Here is where most of the magic happens. Let's assume chunk[0] is a C.
Then the shuffle instruction is basically a bitwise-and followed by a table
look-up.

mask_low_nibble[chunk[0] & 0x0f] -> 'C'

Uninterestingly, we receive the same character as we put it. The same happens for A, G and T. These characters are stored in canonicalized. If the input character is a B, however a zero is returned and stored. As the table only considers the low nibble, there will be collisions.

mask_low_nibble['B' & 0x0f] -> 0
mask_low_nibble['A' & 0x0f] -> 'A'
mask_low_nibble['Q' & 0x0f] -> 'A'

Our new variable canonicalized now has all the canonical nucleotides in
the same places as chunk. All non-canonical spots now have either a zero
or a wrong base.
(The fact that _mm_shuffle also returns 0 if the high bit is set can be ignored here.)

        vec_type canonicalized = _mm_shuffle_epi8(mask_low_nibble, chunk);

We now compare canonicalized to chunk. The result will yield true (0xff)
for every canonical base and false (0) otherwise. These values are stored per byte.

        vec_type equal_mask = _mm_cmpeq_epi8(canonicalized, chunk);

From this long byte vector we only take the highest bit of each byte (movemask). Each correct canonical bit is a 1 and each wrong nucleotide a 0. As we are interested in non-canonical bytes, the result needs to be bit-flipped. However, now we also inverted the higher 16 bits, which have to be masked off.
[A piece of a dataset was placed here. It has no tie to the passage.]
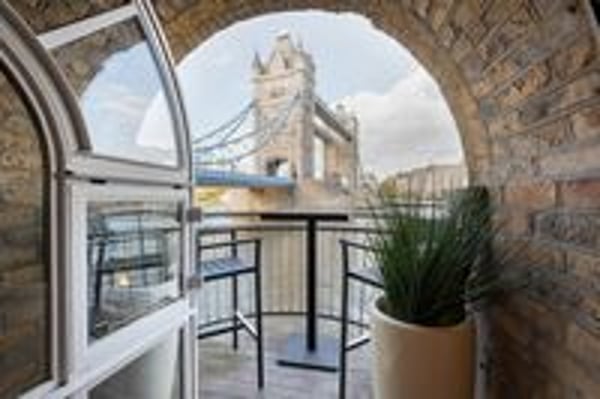 Flat Shad Thames in Greater London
        int mask = ~_mm_movemask_epi8(equal_mask) & ((1 << vec_size) - 1);
        if (mask) {

If the mask was truthy, there is at least one non-ACGT nucleotide. We can
find its position in the chunk by counting the trailing zeros (CTZ). Note
how the LSB corresponds to the first nucleotide as Intel architecture is little endian.

            return (char*)seq + chunk_offset + __builtin_ctz(mask);
        }
    }

If execution exits the loop, all characters so far were ACGT. Now we are left with a few characters that cannot fill a whole chunk. Instead we do the same method as above but just with the rest.
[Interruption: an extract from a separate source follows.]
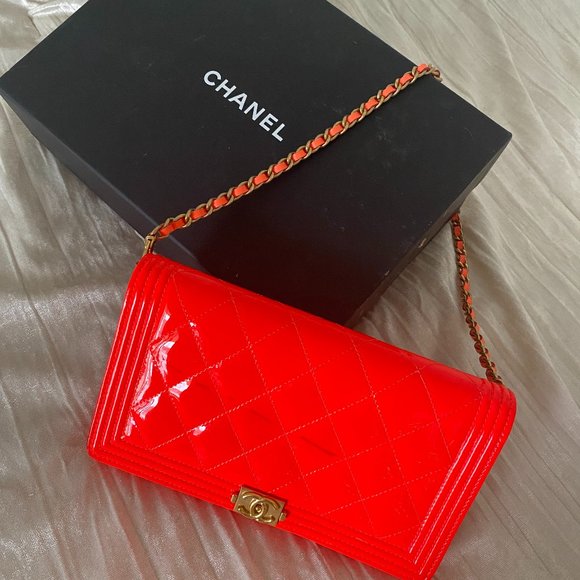 CHANEL Patent Boy Wallet On Chain - Picture 3 of 8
    size_t rest = length - capped_length;
    vec_type chunk = _mm_set1_epi8(0);
    memcpy(&chunk, seq + chunk_offset, rest);

    vec_type canonicalized = _mm_shuffle_epi8(mask_low_nibble, chunk);
    vec_type equal_mask = _mm_cmpeq_epi8(canonicalized, chunk);

    int mask = ~_mm_movemask_epi8(equal_mask) & ((1 << rest) - 1);
    if (mask) {
        return (char*)seq + chunk_offset + __builtin_ctz(mask);
    }

All nucleotides were canonical. Return.

    return (char*)seq + length;
}

This new code is almost six times faster than the table based function above. Truthfully, it is not simple and not something you should just copy and paste into your code. For instance, it requires the SSSE3 instruction set which might not be available on all target computers. Instead, libdna can be used, which gives optimal performance on each supported instruction set.